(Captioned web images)
-=-=-

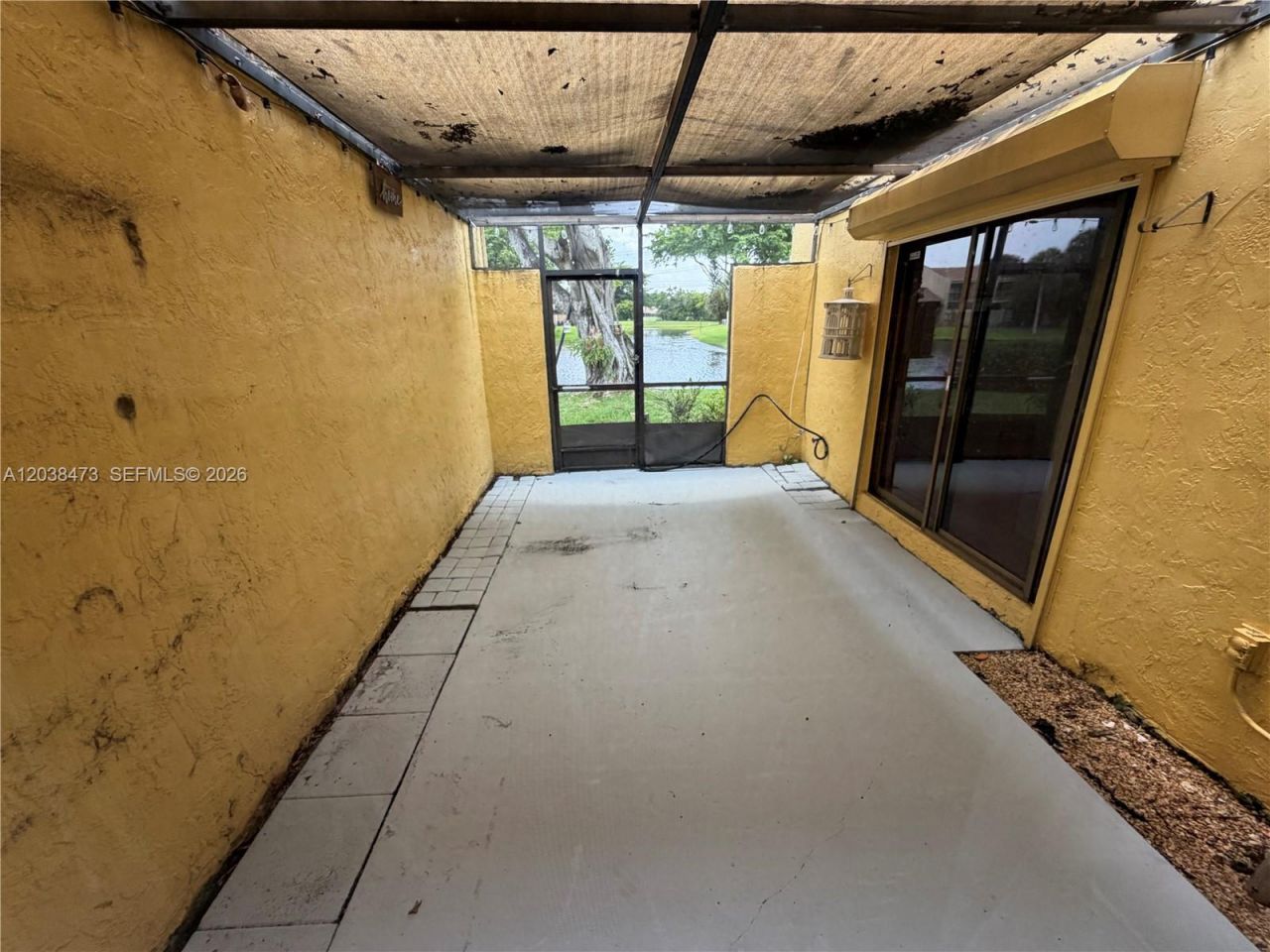 1540 NW 93rd Ave , Unit 296, Pembroke Pines, FL 33024 Photo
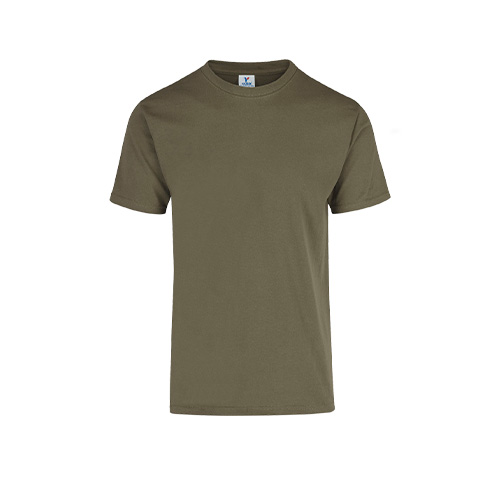 PLAYERA YAZ HEAVY CABALLERO MANGA CORTA - Vista 52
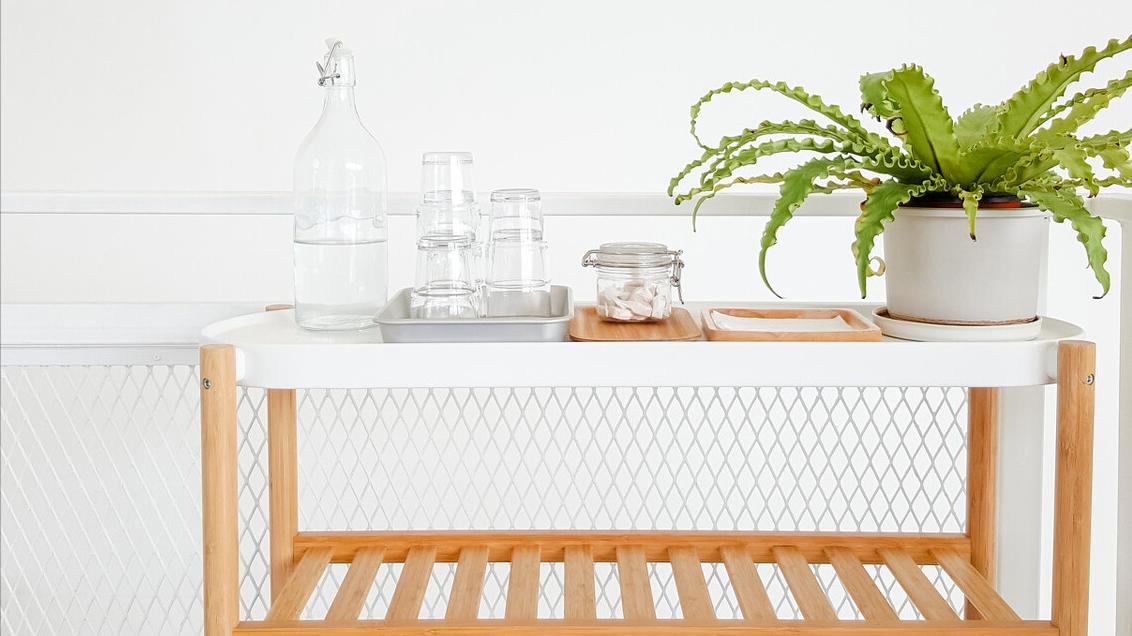 宁肯多花钱也要添置的家居用品，省时省力，家里想乱都难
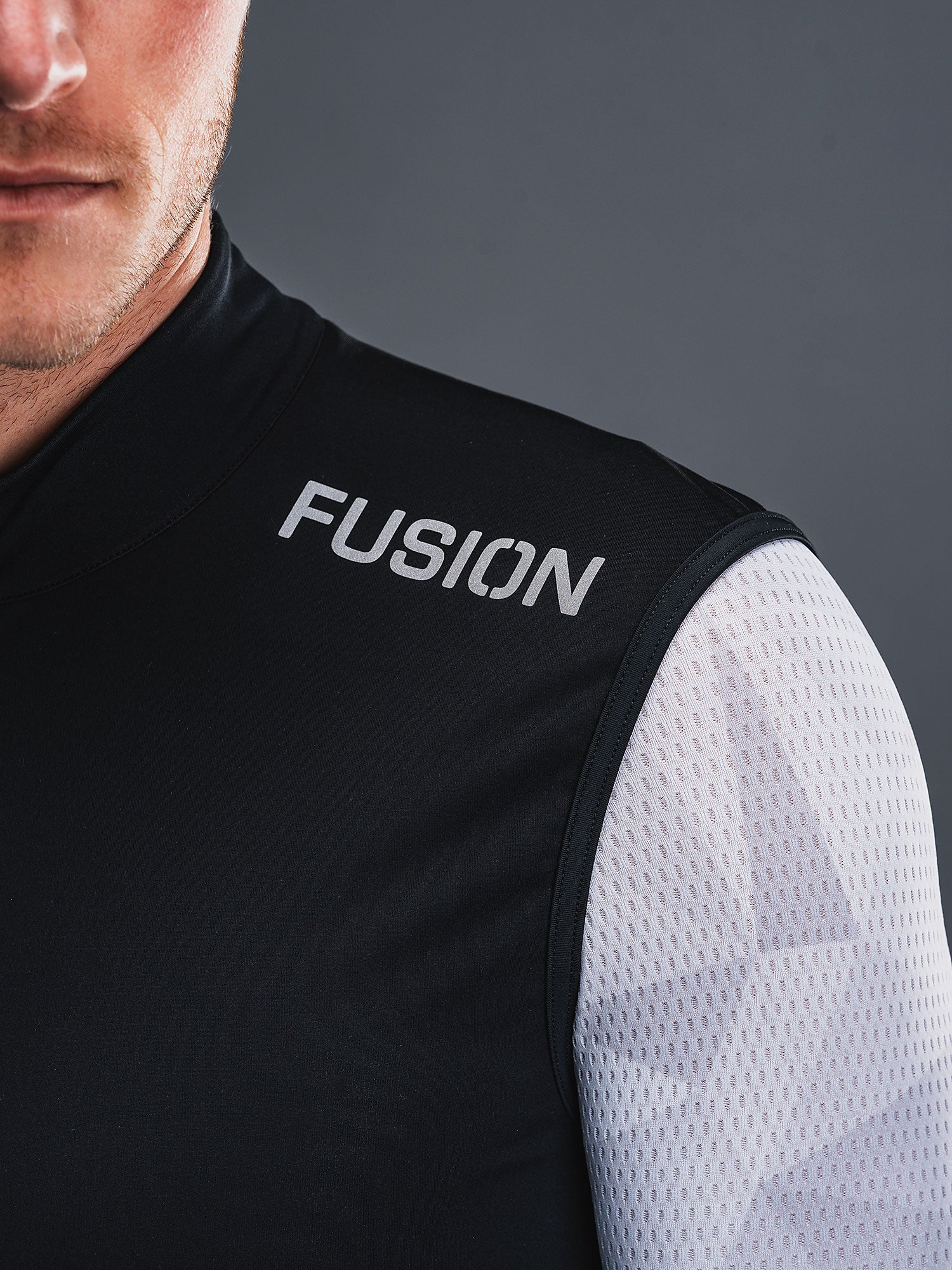 Mens Tempo! Pro Cycling Vest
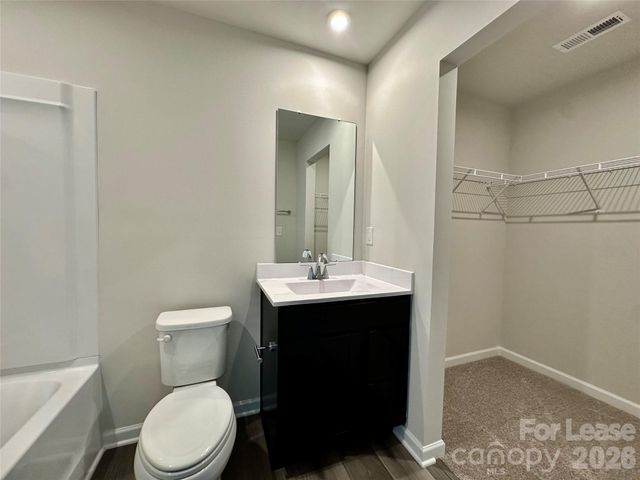 8038 Sinnet Place, Charlotte, NC 28269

-=-=-

▶ **ABOUT THIS TASK**
Quote, word for word and nothing more, every line from the line with "宁肯多花钱也要添置的家居用品，省时省力，家里想乱都难" to the end of the entries, including both ends; skip any pictures.

▶ **EXERCISE SOLUTION**
 宁肯多花钱也要添置的家居用品，省时省力，家里想乱都难
 Mens Tempo! Pro Cycling Vest
 8038 Sinnet Place, Charlotte, NC 28269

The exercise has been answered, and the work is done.